Faurschou Foundation is pleased to present Painting as Shooting by Liu Xiaodong, curated by Jérôme Sans. This was the first major European institutional exhibition that fully explores Liu Xiaodong’s unique practice.
Liu Xiaodong is considered one of China’s most influential painters of the last two decades. He is one of the leading figurative painters of the “New Generation” of contemporary Chinese Realism of the 90s and one of China’s foremost artists.
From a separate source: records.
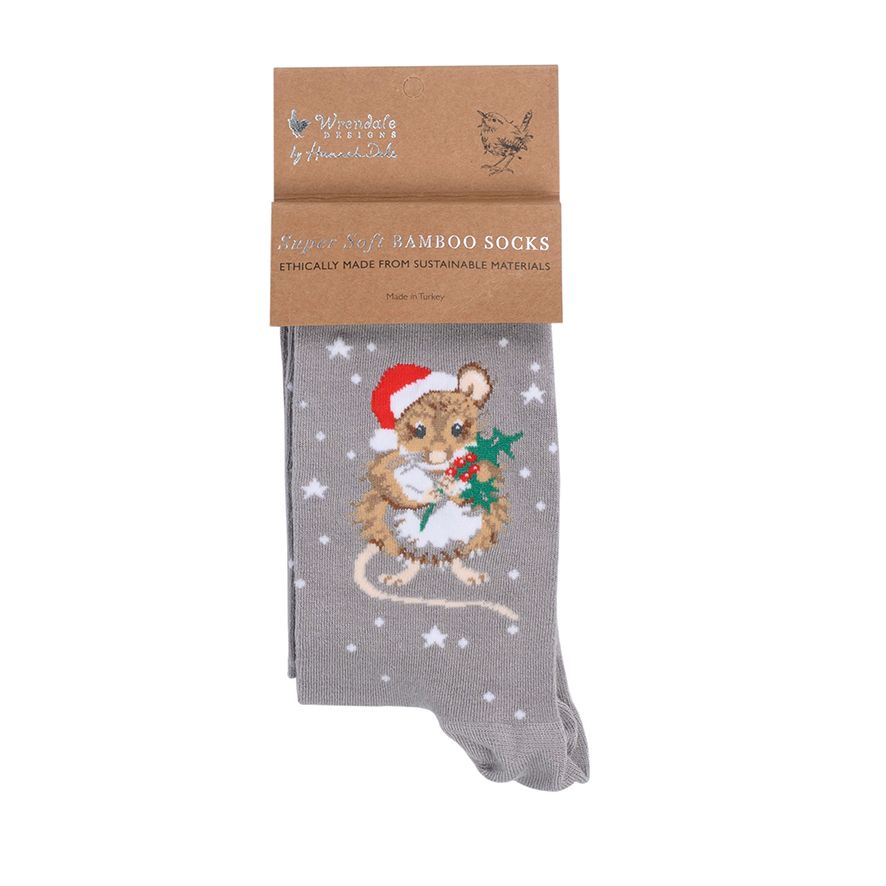 Women's Christmas Sock - XSOCK006 - Mouse 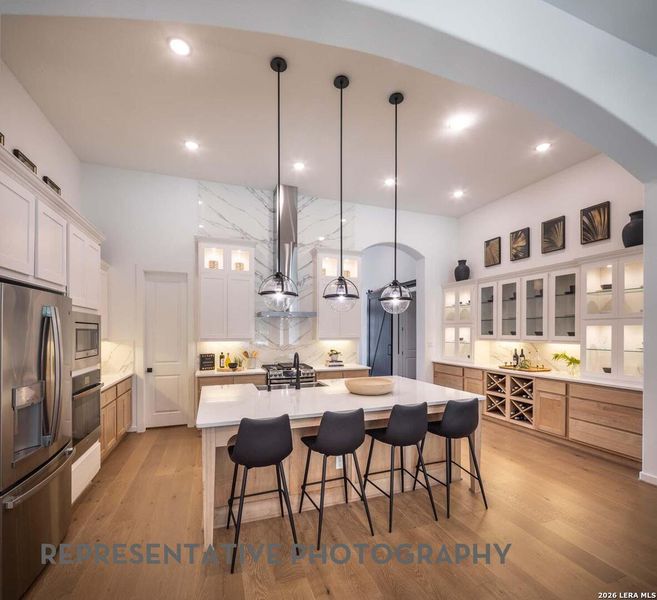 Furnished interior view inside a new home in Hallie's Cove, Schertz (Image 16).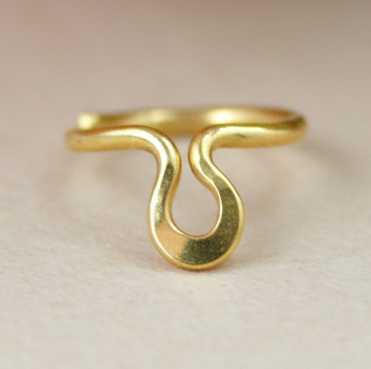 Abstract Seamless Ring - Gold, Rose Gold, Silver, Niobium - 22 to 14ga
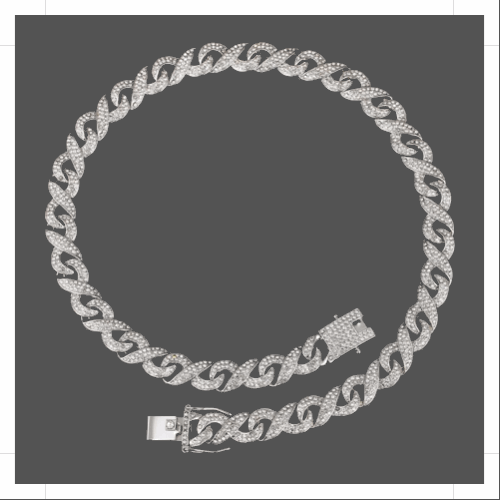 13mm Silver Infinity Link Chain - www.Shopthatapp.com #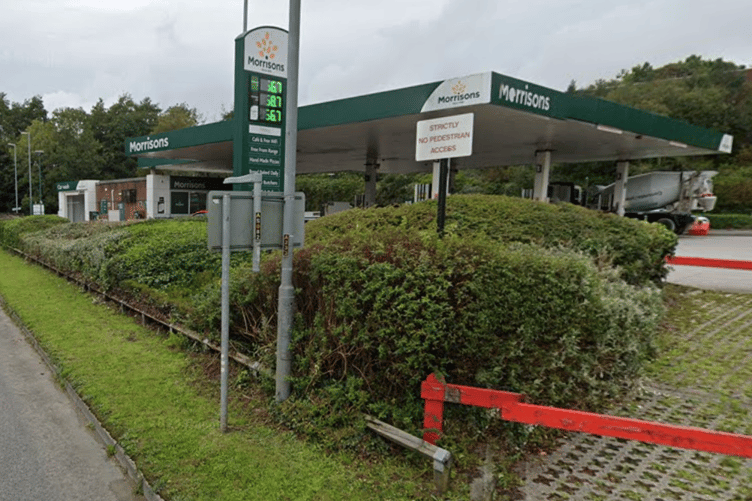 Morrisons Fuel Station on Priory Road, Bodmin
This exhibition focuses on a unique selection of some of his most important recent projects dealing with major global sociological, cultural, economic, ecological and environmental issues from the past ten years; presenting the journey of a voyageur moving through the images of the various worlds and situations he has witnessed, in locations worldwide from China and Asia to Cuba, Europe and Israel.
Painting As Shooting
Liu Xiaodong approaches his work with the eyes and the storyboard practice of a filmmaker. Each of the artist’s major works begins with a simple idea from one of his daily diary entries, describing the events he has witnessed, photos he has taken or people he has met, and then transforms them into live characters on his canvas. In a way the artist’s paintings resemble a production set where he acts as a director who collaborates with actors to play, record or recreate a situation, various impressions or the effects thereof. It is hereby that Liu Xioadong embodies the concept of ‘painting as shooting’.
About Liu Xiaodong
Liu Xiaodong is a painter of everyday life. His images are of family and friends set against modest scenery capturing ordinary moments, such as eating, laughing or playing games. However, in-depth exploration of what is hidden behind the small stories that populate the surface of his work reveals a much bigger picture. Xiaodong’s paintings are pointing with simple gestures to the reality of the periphery, the margins and the paradoxes of our contemporary society. It is the reality that no one dares to speak about; the tough reality of daily existence that reaches out to us from displaced communities – from migrant workers, victims of ecological and natural disasters and sex workers to the new homeless – all sharing the dream of a better life.